# Data Analysis - Astorb Project
### M. Sébastien MASCHA & M. Pierre SAUVAGE
### M. Lucas MERCIER & M. Martin LABENNE
### ISEP Paris – November 5th, 2019
<br/>
<br/>

# Subject
### I Aim
The aim of this project is to perform a complete analysis of a real case data set. You will be
asked to work in groups of 4 to 5 students and to produce a pdf report containing a detailed
analysis of a data set of your choice.
Several data sets coming from various science fields will be at your disposal and you will have
to pick one before mid-November. Your final report shall be sent before midnight on January
17th

### II Expected work
In order to produce a good report, we strongly recommend you to follows all the steps
mentioned thereafter:
- First, you will have to familiarize yourself with the field from whence your data come.
The idea is that you should be able to understand and explain all the variables of your
set and be capable of grasping which type of data mining task is the most relevant for
this field and these data.
- For most data, you will have to start with a pre-processing step. This step may include:
re-formating your data, dealing with missing values, dealing with aberrant and outlier
values, grouping or deleting features, normalizing your data, etc. In the case of difficult
data set, you may also have to choose to work only on a subsample of your data or a
subsample of the features at your disposal.
- You may want to analyze the different descriptors of your data so that you can extract
interesting information about their distributions, their repartition and eventual
correlations between them.

- Depending on the type of data sets, you will have to either try to find interesting
structures and clusters in the data, or to highlight strong links between the variables,
build models allowing to detect the different classes in your data set, or building
predictive models from your data.
You will be required to provide a detailed account of these different analysis in your reports
including figures, statistical results, and your personal interpretation of all your results. 

### III Dataset
Introduction astorb.dat is an ASCII file of high-precision osculating orbital elements, ephemeris uncertainties, and some additional data for all the numbered asteroids and the vast majority of unnumbered asteroids (multi-apparition and single-apparition) for which it is possible to make reasonably determinate computations. It is currently about 52.4 Mb in size in its compressed form (astorb.dat.gz), 192.4 Mb in size when decompressed (astorb.dat), and contains 717962 orbits computed by me (Edward Bowell).

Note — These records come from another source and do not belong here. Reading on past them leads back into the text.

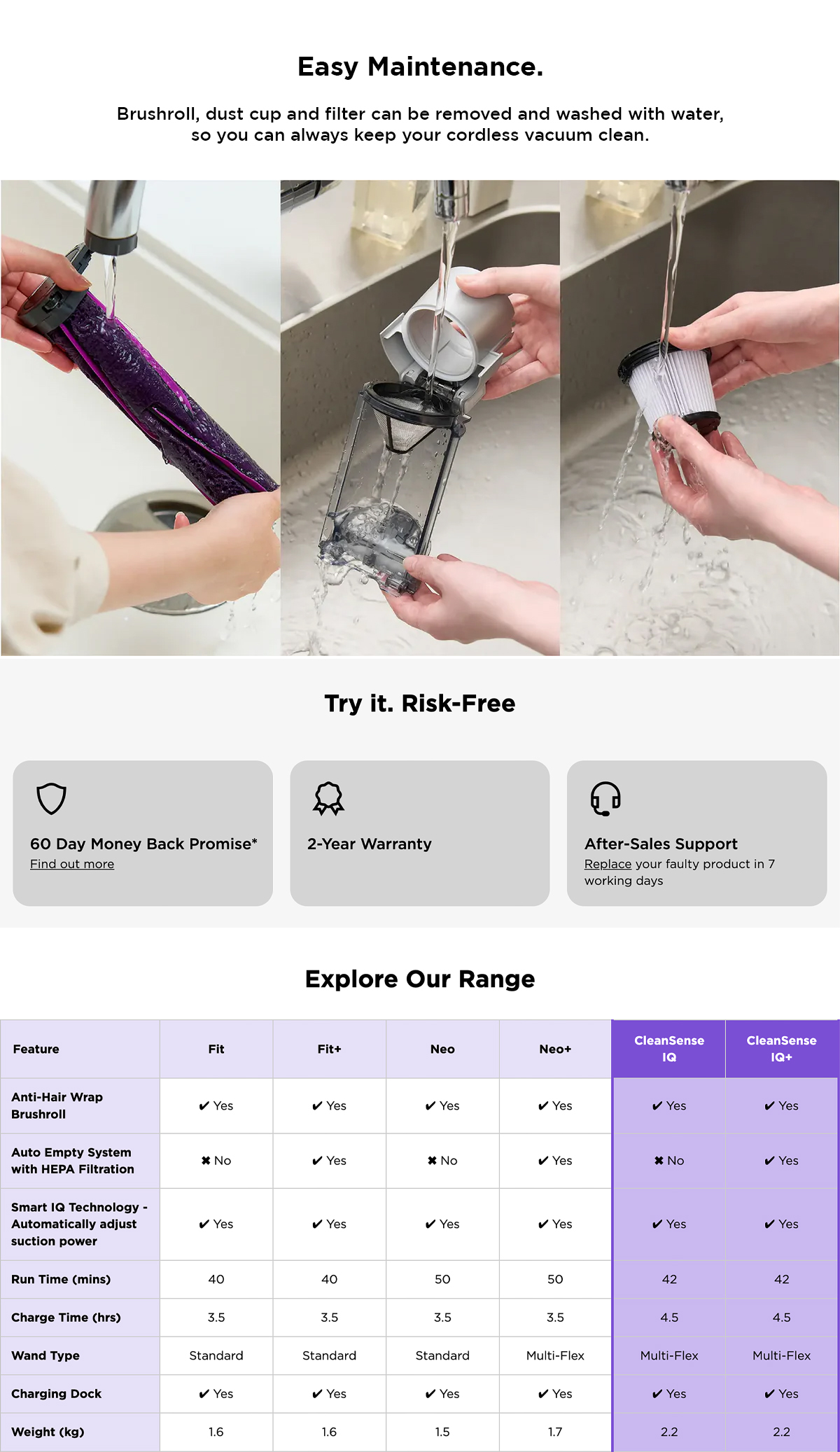 Shark CleanSense IQ | IQ+ Cordless Vacuum Cleaner, Smart IQ PRO with 4 ...
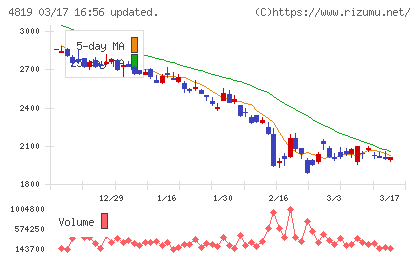 デジタルガレージチャート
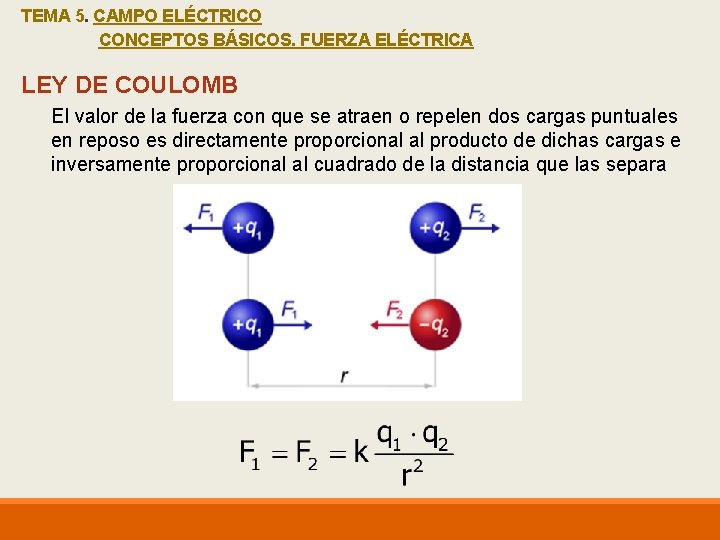 TEMA 5. CAMPO ELÉCTRICO CONCEPTOS BÁSICOS. FUERZA ELÉCTRICA LEY DE COULOMB El valor de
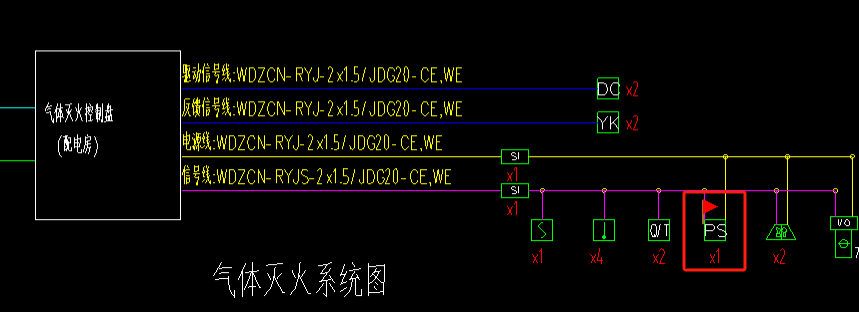 图例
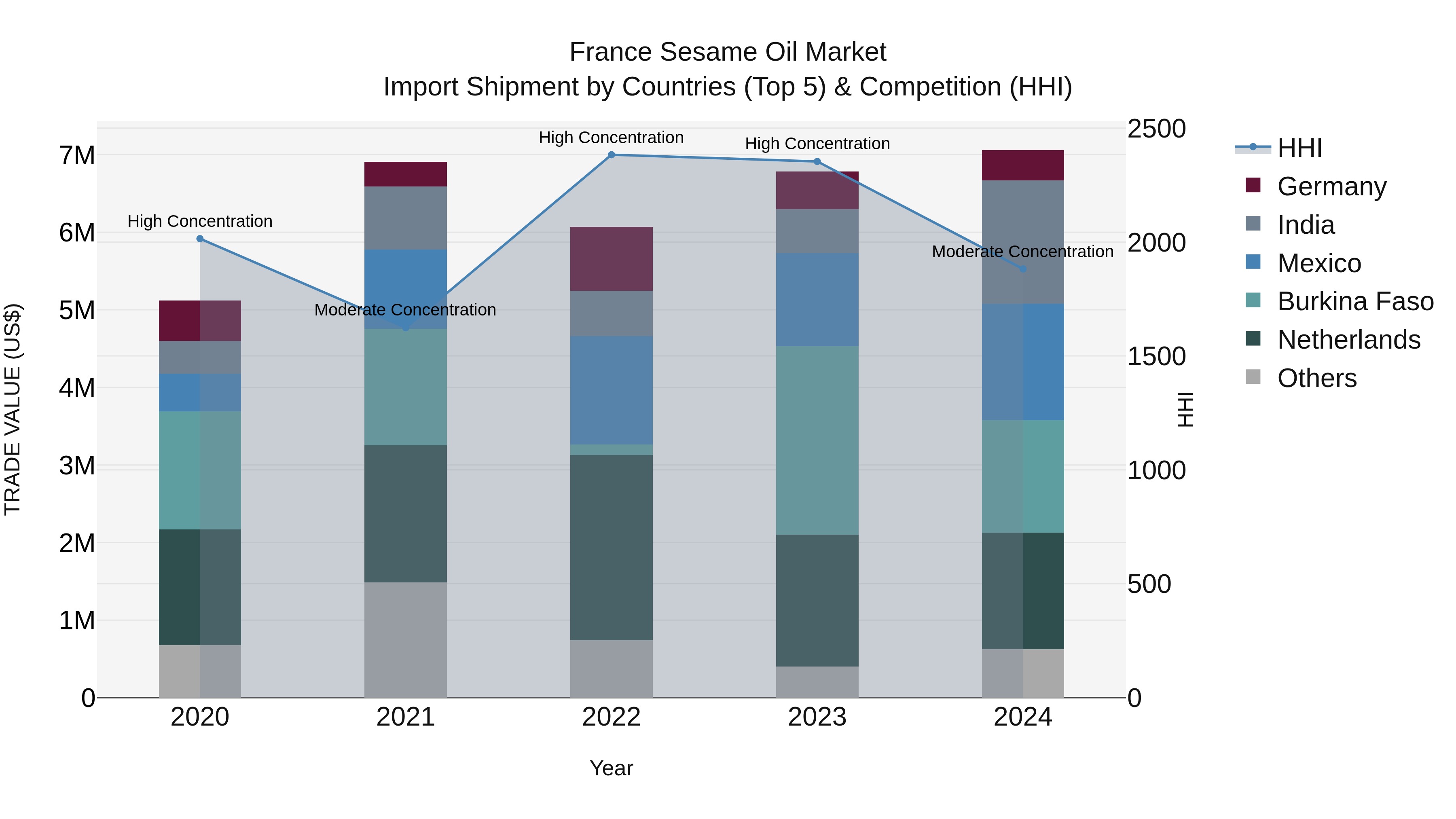 France Sesame Oil Market Top 5 Importing Countries and Market Competition (HHI) Analysis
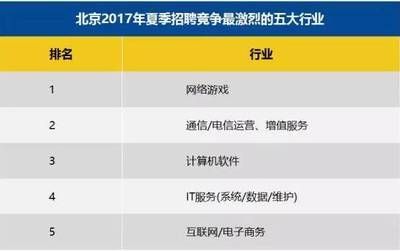 北京網絡運營招聘（北京網絡運營招聘信息：網絡平臺運營的招聘要求類別）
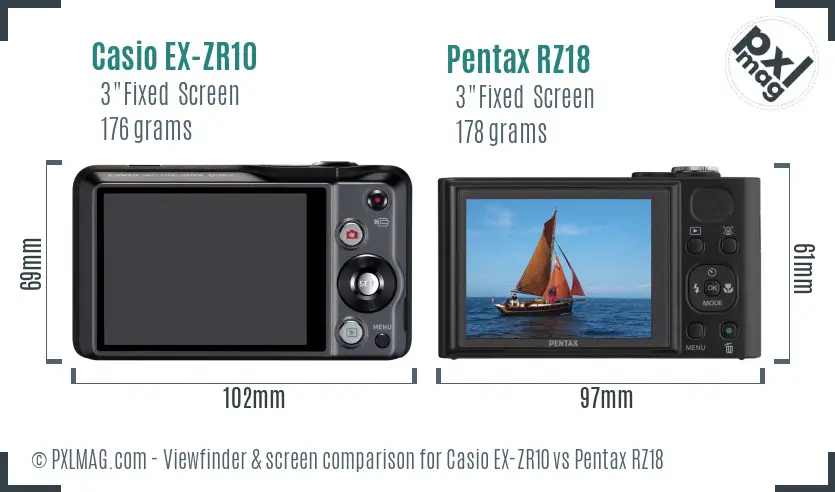 Casio EX-ZR10 vs Pentax RZ18 Screen and Viewfinder comparison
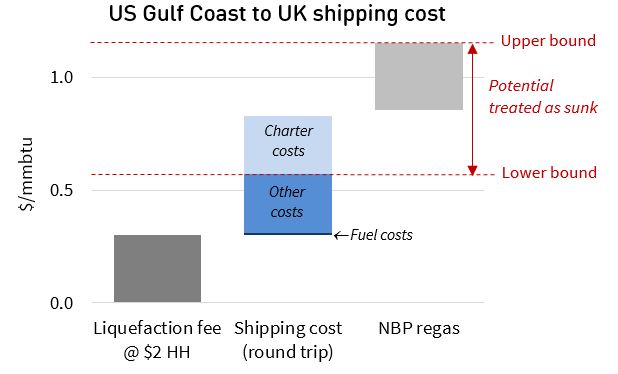 Atlantic shipping costs 2nd article
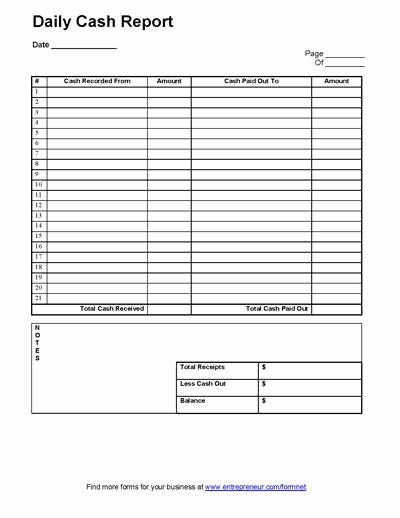 Daily Cash Report Template Excel Inspirational Samplewords Document On Twitter &quot; Free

Each orbit, based on astrometric observations downloaded from the Minor Planet Center, occupies one 266-column record. 

<br/>

___
# Part 0 - Import of libraries

This document has been done using python3.7 on Jupyter Notebook with docker and conda.
We will have uses of these librairies:

- Maths for sqrt, pi, exp
- Numpy to manipulate arrays
- Pandas to import csv
- Matplotlib to plot graphics
- Seaborn to make your charts prettier (built on top of Matplotlib)
- Scikit-Learn : tools for data mining and data analysis
- SciPy : a Python-based ecosystem of open-source software for mathematics, science, and engineering. 
- TensorFlow : develop and train ML models

In [12]:
# coding: utf-8

import os, sys

from math import sqrt,pi,exp
import numpy as np
import matplotlib.pyplot as plt
import pandas as pd
import seaborn as sns; sns.set()

import scipy
import sklearn
import tensorflow

print("SciPy version : " + scipy.__version__)
print("Scikit-Learn version : " + sklearn.__version__)
print("TensorFlow version : " + tensorflow.__version__)

# Import data
astorb_data_file = "/app/data/astorb.dat"
astorb_text_file = "/app/data/astorb.name.txt"
astorb_csv_file = "/app/data/astorb.csv"

'''
SciPy version : 1.3.1
Scikit-Learn version : 0.21.3
TensorFlow version : 2.0.0
'''

SciPy version : 1.3.1
Scikit-Learn version : 0.21.3
TensorFlow version : 2.0.0


'\nSciPy version : 1.3.1\nScikit-Learn version : 0.21.3\nTensorFlow version : 2.0.0\n'

<br/>
<br/>

___
# Part 1 - Getting the data
In this exercice, we study one of the most famous dataset : Astorb

astorb.dat is an ASCII file of high-precision osculating orbital elements, ephemeris uncertainties, and some additional data for all numbered asteroids and the majority of unnumbered asteroids (multi- and single-apparition).
### Problematics of astorb database :

(1) 	Asteroid number (blank if unnumbered).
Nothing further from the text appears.